While section 5(D) criminalises possession of flesh of cows, bulls or bullocks, slaughtered outside Maharashtra, section 9(B) imposed burden on the accused to prove that meat or flesh possessed by him/her does not belong to these animals. The state government had filed an appeal in the top court.
The apex court observed this while hearing a batch of appeals filed against the high court verdict decriminalising the possession of beef in case of animals slaughtered outside the state.
A bench comprising Justices A K Sikri and Ashok Bhushan was told by senior advocate Indira Jaising, representing some of the petitioners, that after yesterday's privacy verdict by a nine-judge constitution bench, the right to eat food of one's choice was now protected under privacy.
Senior advocate C U Singh also told the apex court that the privacy judgement would have to be looked into while deciding the issue.
"Yes, that judgement will have some bearing in these matters," the bench observed.
The Supreme Court had yesterday said "nobody would like to be told what to eat or how to dress" while ruling that these activities come under the realm of right to privacy.
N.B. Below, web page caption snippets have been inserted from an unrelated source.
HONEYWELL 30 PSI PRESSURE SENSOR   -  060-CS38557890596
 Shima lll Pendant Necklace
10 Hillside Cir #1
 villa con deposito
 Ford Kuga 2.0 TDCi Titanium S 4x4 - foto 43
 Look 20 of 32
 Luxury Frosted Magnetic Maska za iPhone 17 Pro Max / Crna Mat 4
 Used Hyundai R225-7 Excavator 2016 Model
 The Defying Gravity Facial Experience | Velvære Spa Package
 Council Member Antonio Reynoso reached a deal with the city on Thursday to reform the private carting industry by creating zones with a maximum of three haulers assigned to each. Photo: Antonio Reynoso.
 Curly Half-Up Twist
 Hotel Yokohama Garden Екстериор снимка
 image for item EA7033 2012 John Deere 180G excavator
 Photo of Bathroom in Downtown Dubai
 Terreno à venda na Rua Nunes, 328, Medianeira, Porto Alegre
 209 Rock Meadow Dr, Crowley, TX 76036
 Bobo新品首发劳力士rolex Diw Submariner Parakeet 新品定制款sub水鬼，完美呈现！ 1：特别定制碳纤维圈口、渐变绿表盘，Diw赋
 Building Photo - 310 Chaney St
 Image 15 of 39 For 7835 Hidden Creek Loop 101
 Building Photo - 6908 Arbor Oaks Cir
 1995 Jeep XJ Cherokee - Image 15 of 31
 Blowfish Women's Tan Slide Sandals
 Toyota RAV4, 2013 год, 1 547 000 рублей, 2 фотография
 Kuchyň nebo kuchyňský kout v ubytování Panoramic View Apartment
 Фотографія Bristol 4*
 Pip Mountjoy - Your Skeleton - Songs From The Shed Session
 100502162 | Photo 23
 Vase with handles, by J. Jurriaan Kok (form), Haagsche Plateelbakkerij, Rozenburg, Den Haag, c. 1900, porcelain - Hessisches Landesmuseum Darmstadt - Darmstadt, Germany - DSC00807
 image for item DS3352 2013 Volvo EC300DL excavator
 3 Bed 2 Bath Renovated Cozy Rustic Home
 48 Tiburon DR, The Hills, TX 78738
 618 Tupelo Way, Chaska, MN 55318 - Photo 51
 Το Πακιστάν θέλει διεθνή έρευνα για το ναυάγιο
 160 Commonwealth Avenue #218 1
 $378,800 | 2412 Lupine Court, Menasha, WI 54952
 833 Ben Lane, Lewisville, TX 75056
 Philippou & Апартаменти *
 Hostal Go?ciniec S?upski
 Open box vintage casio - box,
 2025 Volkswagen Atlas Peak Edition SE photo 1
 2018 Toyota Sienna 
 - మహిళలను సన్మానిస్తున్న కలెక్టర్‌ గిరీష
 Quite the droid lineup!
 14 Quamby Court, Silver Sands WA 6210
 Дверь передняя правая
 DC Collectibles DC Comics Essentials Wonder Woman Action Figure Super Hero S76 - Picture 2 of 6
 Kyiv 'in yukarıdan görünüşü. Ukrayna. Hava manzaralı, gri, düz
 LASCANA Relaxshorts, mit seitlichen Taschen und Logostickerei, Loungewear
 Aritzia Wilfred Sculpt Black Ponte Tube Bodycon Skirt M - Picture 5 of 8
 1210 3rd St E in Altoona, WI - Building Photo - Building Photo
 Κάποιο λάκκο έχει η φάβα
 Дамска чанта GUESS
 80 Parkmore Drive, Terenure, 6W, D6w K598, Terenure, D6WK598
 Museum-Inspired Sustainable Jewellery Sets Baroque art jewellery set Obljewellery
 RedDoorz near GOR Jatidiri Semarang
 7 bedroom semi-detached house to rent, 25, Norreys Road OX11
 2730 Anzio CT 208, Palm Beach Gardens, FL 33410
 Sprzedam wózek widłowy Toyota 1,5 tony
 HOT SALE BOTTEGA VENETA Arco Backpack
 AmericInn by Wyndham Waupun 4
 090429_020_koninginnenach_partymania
During the hearing, Jaising referred to a 2005 seven- judge bench judgement of the apex court imposing a complete ban on slaughtering of even unproductive bovine and said that this was also required to be re-looked by a larger bench.
"Right to eat food of your choice is now protected under privacy. Right to eat is now our fundamental right. Apart from this, I have also raised the issue of reconsidering the seven-judge bench judgement in the Mirzapur Moti case by a larger bench," she said.
The bench said it would consider the issue on the next date of hearing and posted the matter after two weeks.
The petitioners have challenged the high court's verdict upholding ban on slaughter imposed by the state government.
Jaising informed the bench that the Maharashtra government has already challenged the high court verdict and the matter was pending before another bench of the apex court.
"Maharashtra government's plea is pending before another bench. Notice was issued on the plea. We are challenging the same judgement of the high court. I am only asking for tagging of all these matters," she said.
The Maharashtra government had approached the apex court challenging the high court's verdict striking down sections 5 (D) and 9(B) of the 1995 Act on the ground that it infringed upon a person's "right to privacy".
The high court had termed as "unconstitutional" the provisions which held that mere possession of beef was a crime, saying only "conscious possession" of the meat of animals slaughtered in the state would be an offence.
It had upheld the ban on slaughter of bulls and bullocks imposed by the Maharashtra government, but had decriminalised the possession of beef in case the animals were slaughtered outside the state.
The state government, in its appeal before the apex court, has assailed the verdict saying the restriction imposed by the 1995 Act on possession of flesh of cow, bull or bullock could not be interpreted and concluded to be an infringement of "right to privacy".
It had said the high court "while coming to the finding that right to privacy forms part of the fundamental right to personal liberty guaranteed under Article 21 of Constitution, ought to have appreciated that right to privacy was not yet designated as a fundamental right".
The plea had said that according to the verdict, obligation upon the state to prove "conscious possession" of beef would "constitute an unsurmountable circumstance readily available to the wrongdoer to escape sentence".
The verdict had come on a batch of petitions filed in the high court challenging the constitutional validity of the Act and, in particular, the possession and consumption of beef of animals slaughtered outside Maharashtra.